Many people, especially those who work in inventive and artistic fields, have experienced that kind of essentially mysterious creative process. They recognize that a big part of our creativity means remaining open and receptive to unconscious or spiritual sources of inspiration.
When we practice regular meditative reflection, getting to know our inner emotional and spiritual landscape, we can clear the way and open the path for those outward sources.

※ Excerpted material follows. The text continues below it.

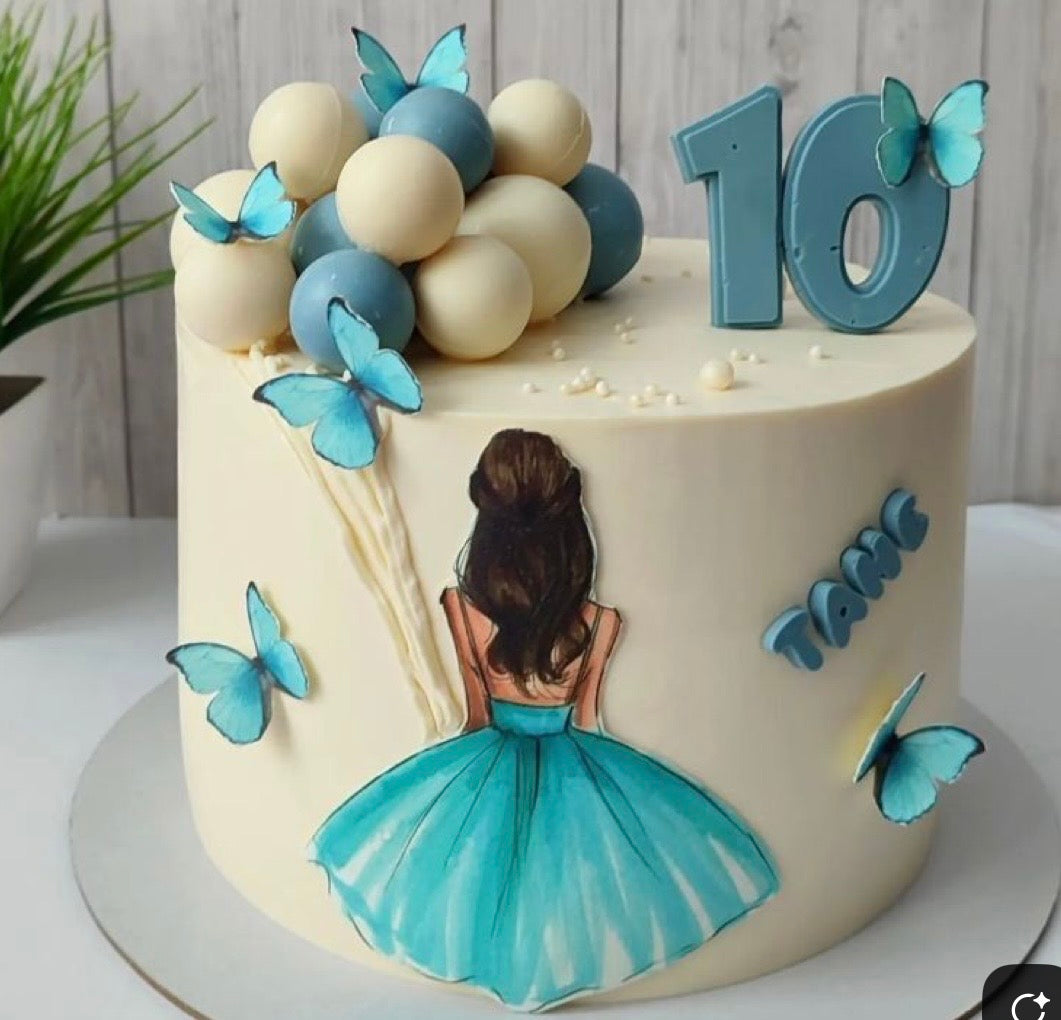 Blue Princess Balloon Cake ( 1kg )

If the artist serves as a conduit for the unspoken and unrealized yearnings of the wider culture, then the best thing any artist or creative person can do for themselves involves clearing the channel that allows their creative inspiration to flow:
Man is said to be the greatest representative of God, and he is the Book of Creation because all the mysteries of beings exist in him. If he comes under the shadow of the True Educator and is rightly trained, he becomes the essence of essences, the light of lights, the spirit of spirits; he becomes the center of the divine appearances, the source of spiritual qualities, the rising-place of heavenly lights, and the receptacle of divine inspirations. – Abdu’l-Baha, Baha’i World Faith, p. 332.

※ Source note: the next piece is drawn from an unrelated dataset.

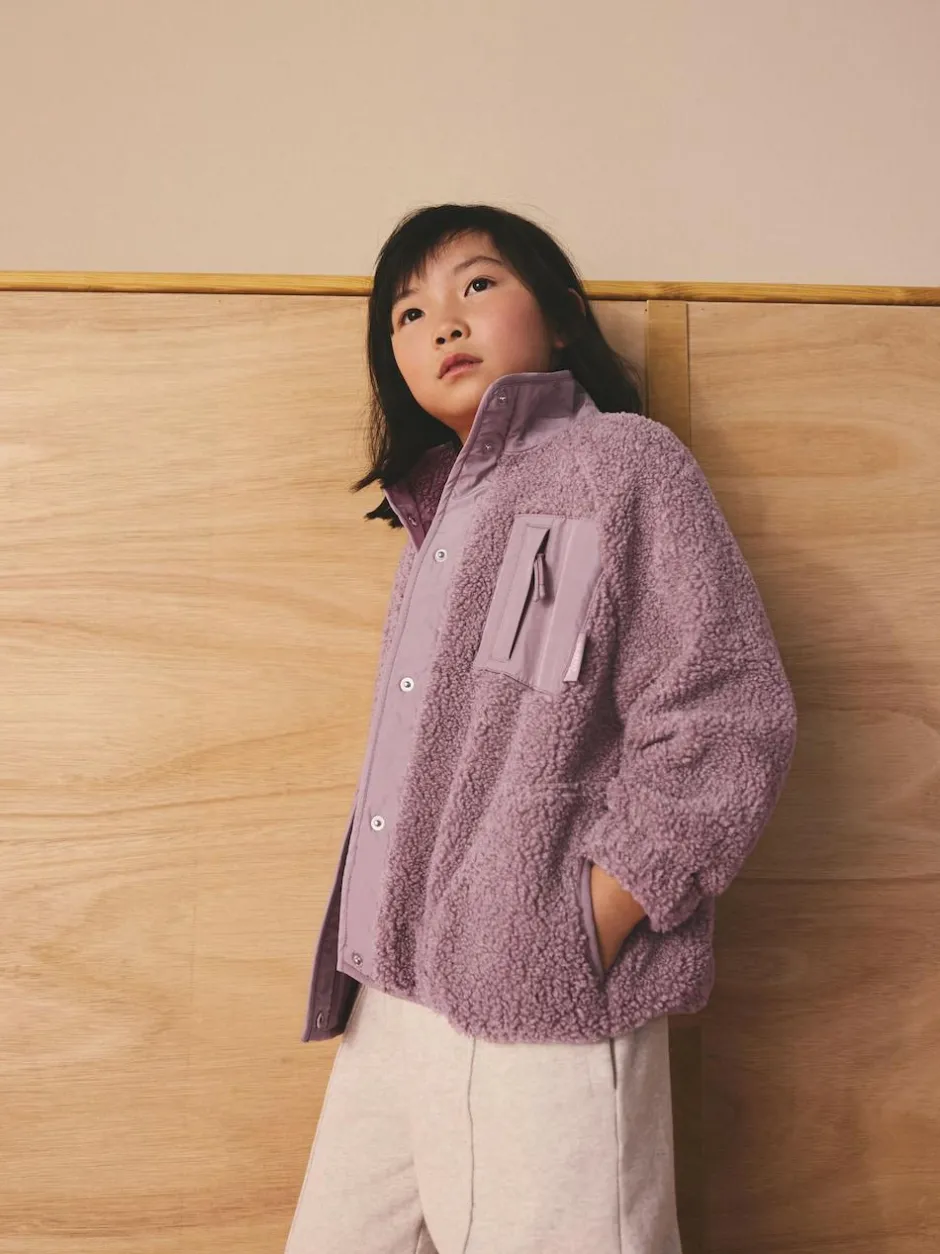 Next Button Up Fleece Jacket (3-16yrs) Lilac Purple Sale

Everyone can do this. You don’t need a clergyman, a guru or a guide. You can easily train yourself. Nothing could be simpler, in fact. Just set aside a few minutes each day, and spend them quietly in contemplation. Repeat this regularly. Every day, give your soul what it yearns for – time to contemplate the mysteries of life.
Try to make your private, personal time of meditation and reflection a respite from the constant demands of this physical plane. Let yourself transcend the petty material concerns of the day. Focus your mind and your heart on the higher truths, the spiritual realities of life. Think deeply about the fact of your existence and its purpose. Allow yourself to unlock your mind, heart and soul, so inspiration can flourish.
If you do this with constancy; if you make it a spiritual practice, I promise you it will open the Book of Creation and let you read its mysteries.